The concept was first suggested by a local resident, Katherine Vero, whose late mother struggled with her weekly grocery store runs.

“My mum used to love shopping but as her dementia developed it became increasingly difficult and stressful for us both,” Vero said in a statement. “But I didn’t want her to stop going out and become isolated. I wondered if there was a way to help us enjoy shopping.”

Vero pitched the idea to the local supermarket and the store’s deputy manager, Scott McMahon, was happy to oblige. McMahon says he also saw the struggles his own father faced at the store after being diagnosed with cancer. 

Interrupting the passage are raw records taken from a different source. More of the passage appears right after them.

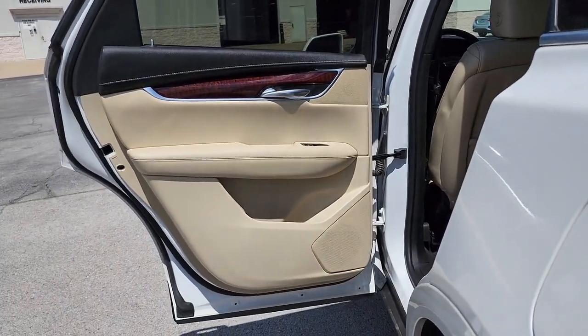Drive an automobile that can give you everything and handle anything. The XT5 crossover.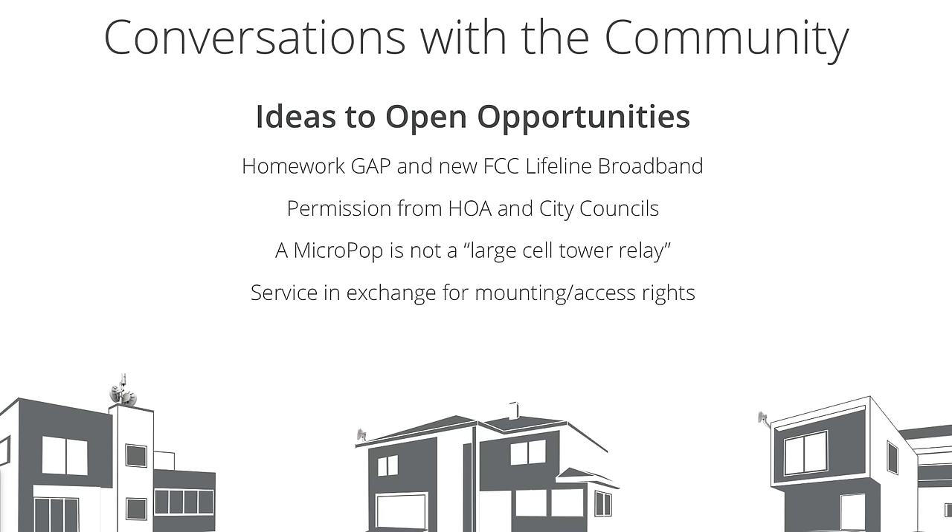Another interesting trend: the FCC has re-looked at their lifeline program — originally designed to provide phone access to the needy — and is expanding it to include broadband services. This creates an interesting discussion point with cities around the homework gap: parts of the community without broadband access mean kids can't get their homework done online. You can go in and be the provider offering lifeline broadband services; there are new subsidies being discussed from the FCC on how that program will work.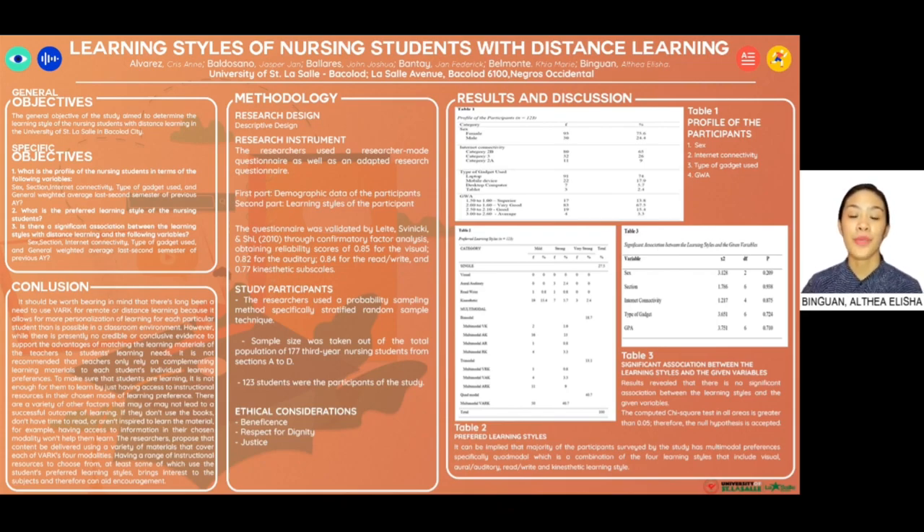Moreover, there have been many researchers that were investigated, further studied, and conducted. One of those includes the study of Na, Umali, Asuko, and Orem in 2019, which found that learning styles and academic performance of students have a significant relationship. The results bear resemblance to the study of Magulud Jr. in 2019, as well as the study of Fatima and Camellia in 2018, which also indicated a positive relationship between learning styles and academic performance. Ergo, we conducted this research study.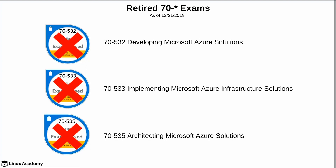I also want to point out that the 7532, 533, and 535 exams have been retired. The certifications earned from these exams are currently valid and there is not a stated retirement date for those certifications at this point.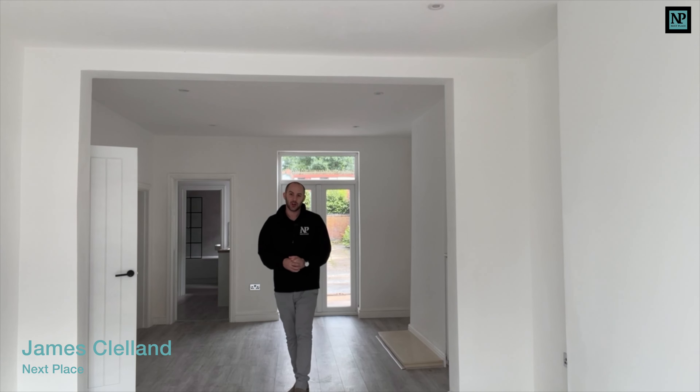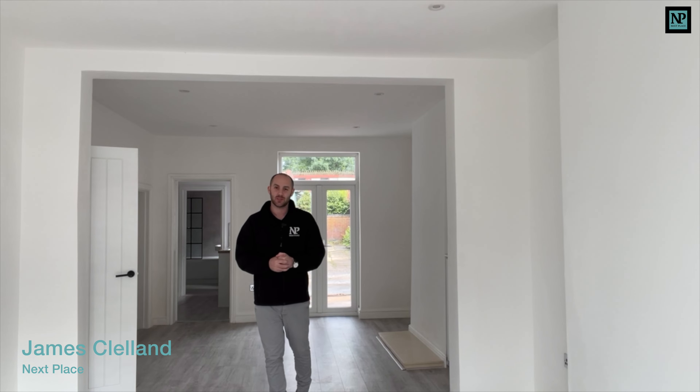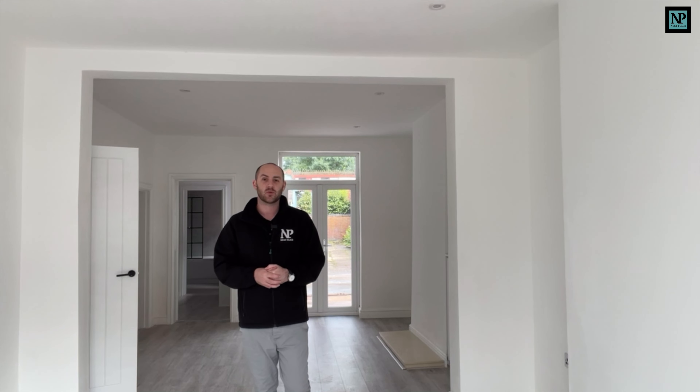Today you join me on Argyle Street, and for those of you with a keen eye you may actually recognize this property. It's a property we had on the market last year which completed in February. The new owners purchased the property and have completely renovated it throughout.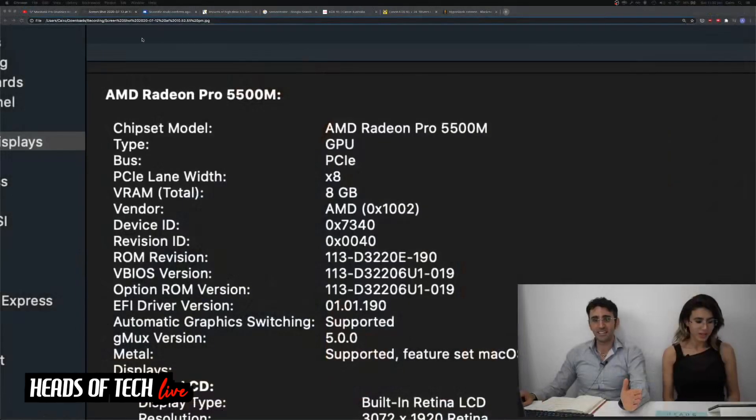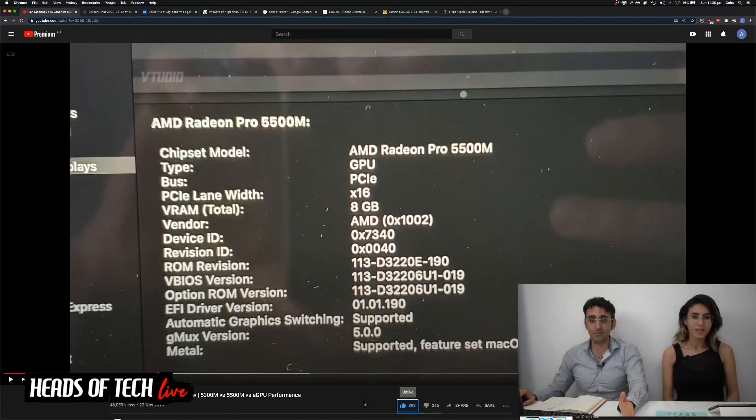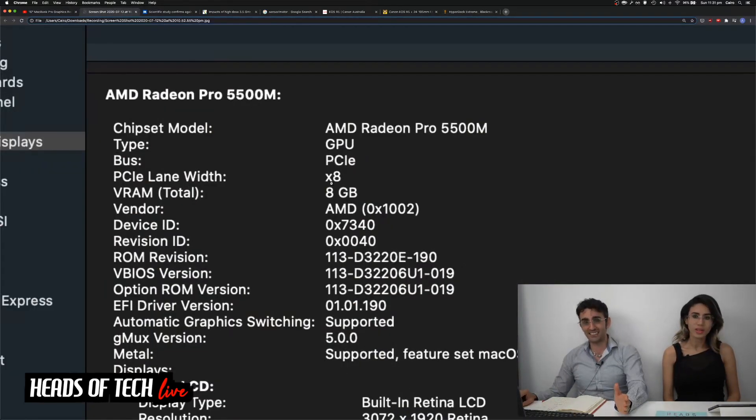Maybe the 5500 cannot perform fast enough to use all 16 lanes - maybe it's a genuine optimization. But it happened - you can see it right there, from November 22nd: 16 lanes down to 8. There is outrage in the comment section. We need to do some benchmarks - we don't know yet if it's slower. I also want to know what the PCIe lane allocation is for the 5600M. Apple needs to come out and explain this.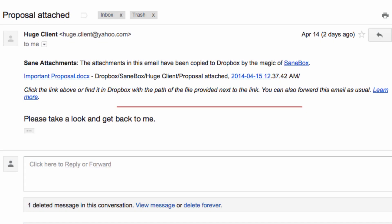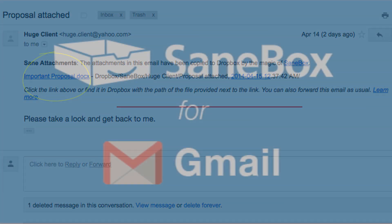Also, huge attachments will never clog your inbox again. The SaneAttachments feature removes attachments from your email and places them in your cloud storage service. You can access the attachments from a link left in the body of your email, or forward it to anyone you like.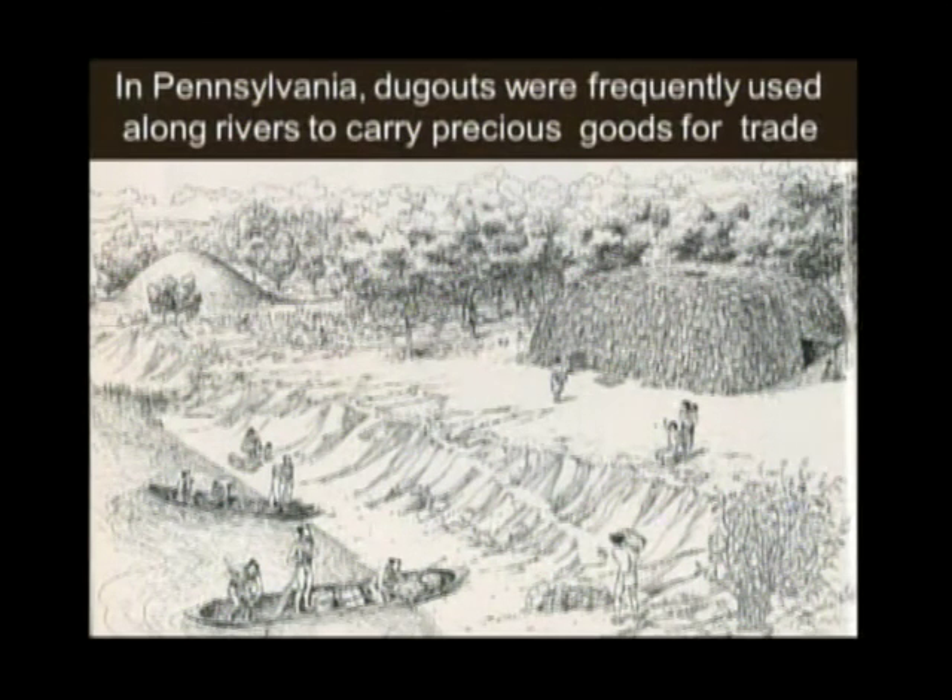Dugout canoes are not very light — they're very durable but not very light. The canoe we have at the State Museum weighs in excess of 400 pounds finished; when it was fresh cut from Michaud State Forest, the log weighed over a ton — over 2,000 pounds. They were used primarily along rivers for trade and expansion of the capacity for gaining food.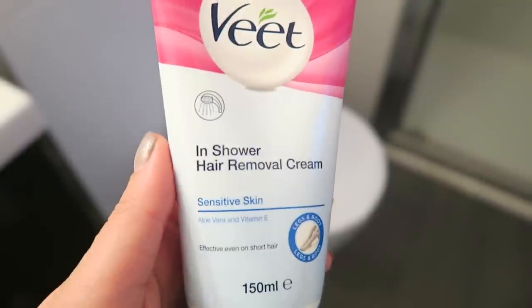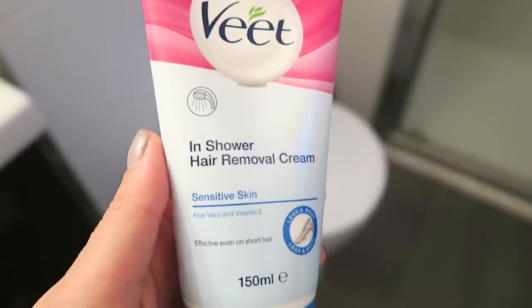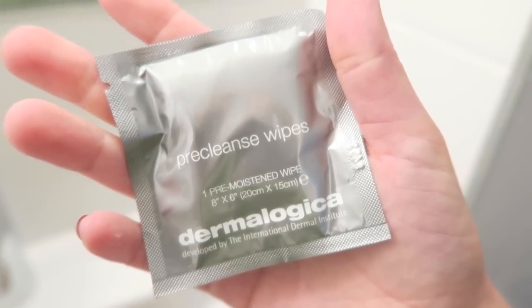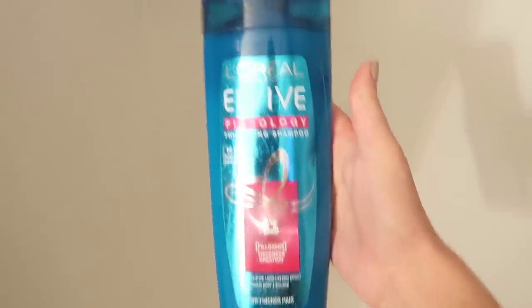Then it's time to shower. I need to remove the hair from my legs, so I use Veet in-shower cream — you just slap it on, leave it for about five or six minutes, and it comes off in the shower with a scrub. Then I choose what I'm going to wear for the next day and take off all my makeup with a Dermalogica pre-cleanse wipe. Then I get in the shower using Fiberology shampoo and conditioner, which I love.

Slow Shopping will help customers maintain their sense of independence, Sainsbury’s hopes. Though they haven’t said whether or not the initiative might spread to other locations, the supermarket chain provides disability awareness training to their employees so they are better able to meet the needs of all their shoppers. 

With a rapidly aging population worldwide, other countries are also taking measures to make sure older customers’ needs are taken into consideration. In Japan, for instance, many mini-marts are catering to seniors by providing ready-to-go hot meals that are already cut up and easy to eat, while also making sure other caregiving supplies are readily available.